GAMs for Time Series - Some Clever Stats Name

In the previous post we looked at modeling time series using models based on splines. I’d like to extend that investigation by taking a deeper dive into using GAMs for time series.

Last Time

Last time we used a GAM to model the number of flu-like illnesses reported to the CDC using three different approaches. We started by using time as a predictor variable of the form $t = 1, 2, 3, . . .$ . This did not go well. The second approach we used had smooth functions of year and week as predictors. This gave a reasonable fit to the data but the forecasts were terrible. Lastly, we used four weeks worth of lags as predictors and this gave us a good fit to the data as well as excellent forecasts.

I have to admit that going into the that post I was pretty lost as to how we could actually extend GAMs to time series. Time series models explicitly account for time and autocorrelation.
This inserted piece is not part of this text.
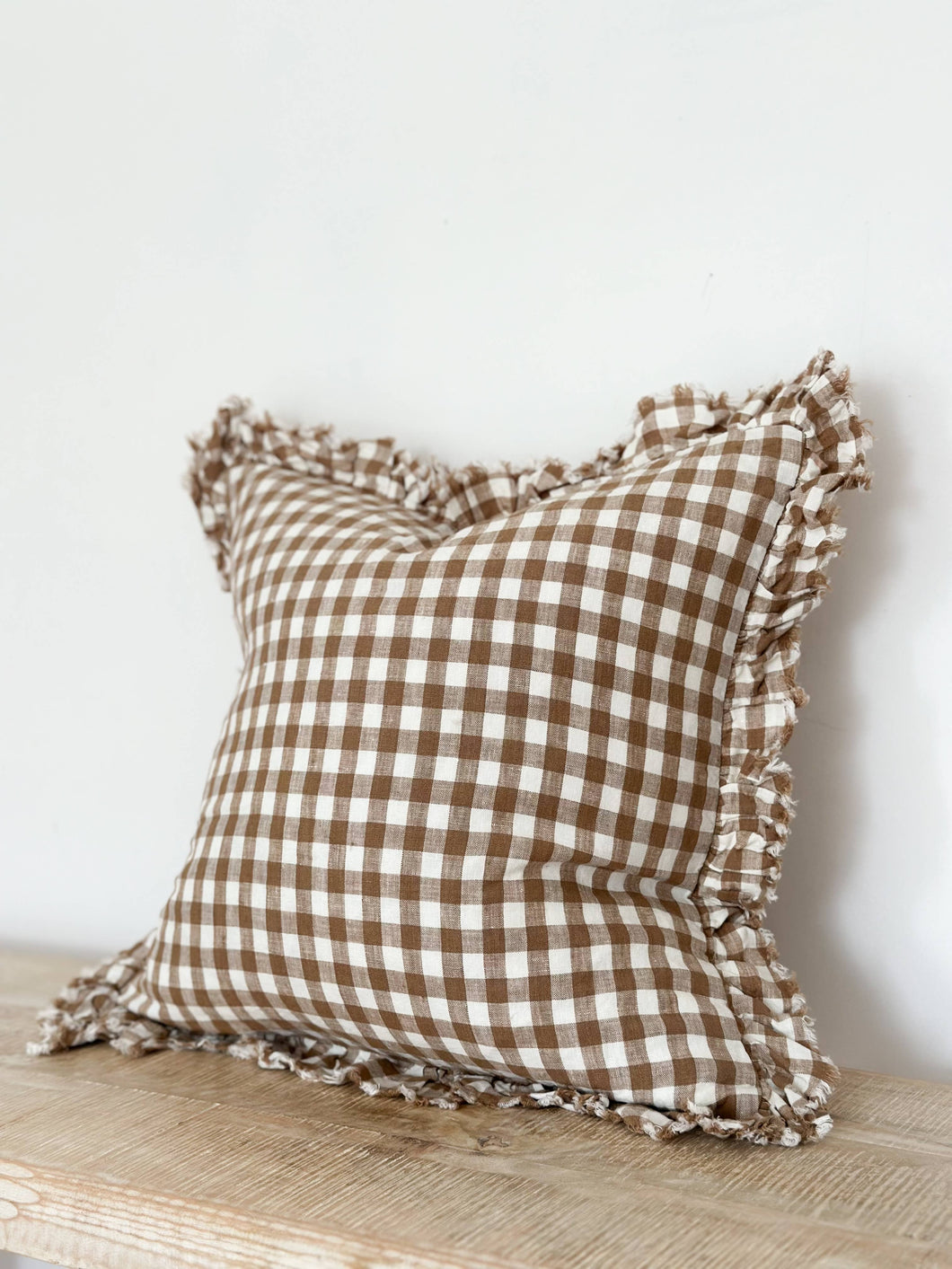 Hallie Ruffled Linen Cushion Cover Brown Gingham - 3 Sizes: 45 x 45 cm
However, GAMs are generic models so we need to specify how to account for this ourselves. We need to tell the model not just what are predictors are but how we want them to be handled.

This Time

In this post we are going to investigate the different ways in which we can model time series with GAMs. We will look at how we might want to use time as predictors, including functions of time in various ways by using different smoothing bases, and how to account for autocorrelation. We will stick with the flu-like illness data because it has proven itself to be a bit finicky.

Resources

Before we start I’d like to point out a few resources because if not for them I would still be lost. The first is Noam Ross’s GAM resources GitHub repository. This is just what it sounds like, a list of resources for learning about GAMs. Of particular interest to me were the slides and video for his talk outlining what GAMs and the mgcv package are capable of. One section of this talk is dedicated to time series which really got the ball rolling for me. The second resource I found really helpful is Gavin Simpson’s blog post showing how to use GAMs to model seasonal time series. This was quite convenient because the data at hand is seasonal.

A Baseline Model

We are going to start with a model we used last time as a baseline. As a reminder, the data is the weekly number of flu-like illnesses reported to the CDC from October 2010 to March 2019 and was obtained with the cdcfluview package. It looks like this:

We will hold out 2019 data (13 weeks worth) for testing. The baseline model will use smooth functions of year and week as inputs.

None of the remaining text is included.